Facebook’s vice president of infrastructure, Santosh Janardhan, wrote in a blog post that the outage was “triggered not by hostile behavior, but by an error of our own making.”
The issue arose as engineers worked on Facebook’s worldwide backbone network, which includes the computers, routers, and software in its data centers across the world, as well as the fiber-optic connections that connect them.
“During one of these routine maintenance jobs, a command was issued with the intention of assessing the availability of global backbone capacity, which unintentionally took down all of our backbone network connections, effectively disconnecting Facebook data centers around the world,” Janardhan said Tuesday.
Facebook’s systems are supposed to capture such errors, but a fault in the audit tool prevented it from correctly stopping the operation in this case, according to Janardhan.

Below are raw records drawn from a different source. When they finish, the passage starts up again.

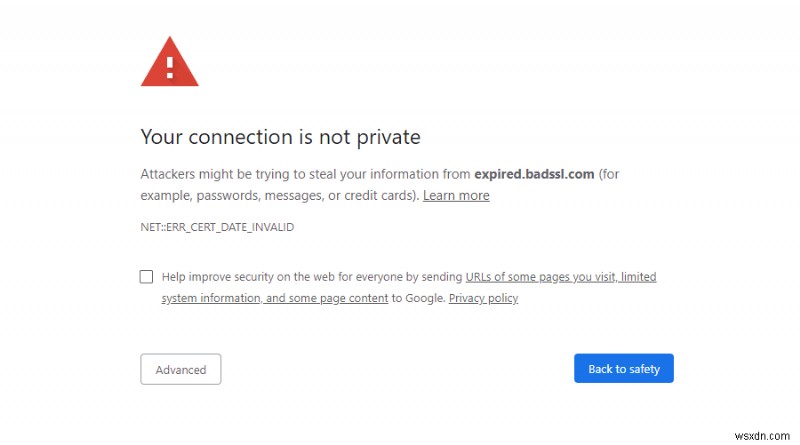 Chrome এ NET::ERR_CERT_DATE_INVALID ত্রুটি কিভাবে ঠিক করবেন?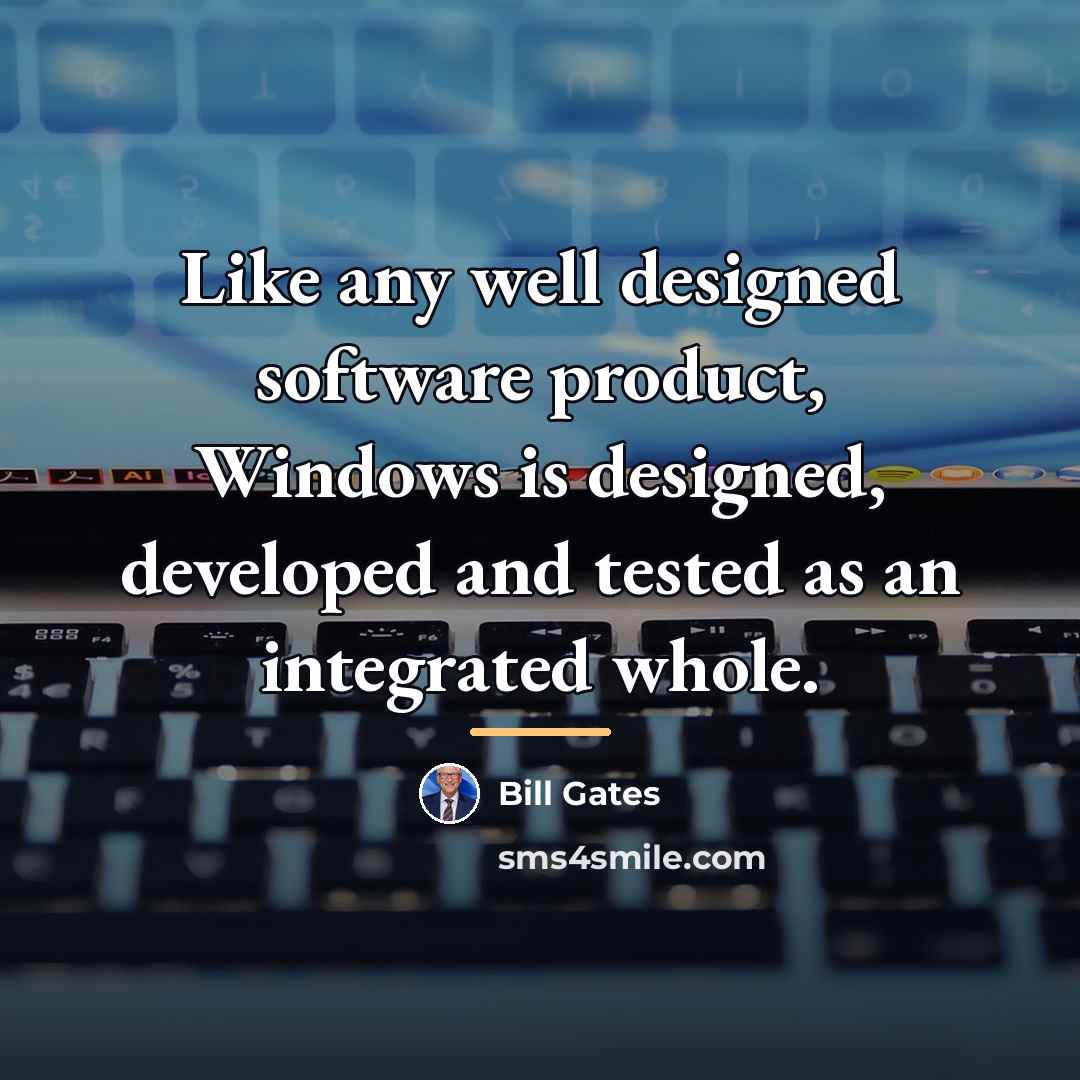 “Like any well designed software product, Windows is designed, developed…” quote by Bill Gates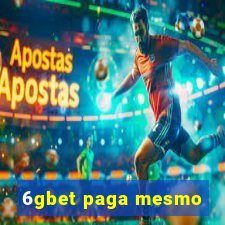 6gbet paga mesmo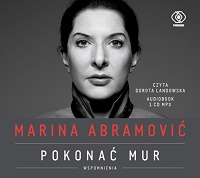 Marina Abramović ‹Pokonać mur›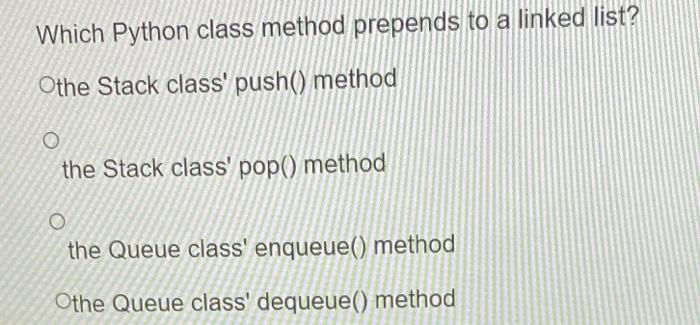 Solved Which Python class method prepends to a linked list? | Chegg.com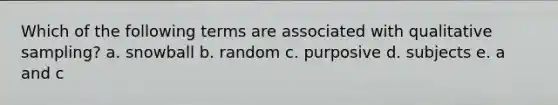 Which of the following terms are associated with qualitative sampling? a. snowball b. random c. purposive d. subjects e. a and c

This update also caused a secondary issue, making it unable to reach Facebook’s servers, even though they were still working.
Engineers rushed to the scene to address the problem, but the added layers of security took time, according to Janardhan. The data centers are “tough to get into, and once inside, the hardware and routers are designed to be impossible to modify even when you have physical access to them,” according to the company.
Services were progressively restored after connectivity was restored to avoid traffic surges that could cause future failures.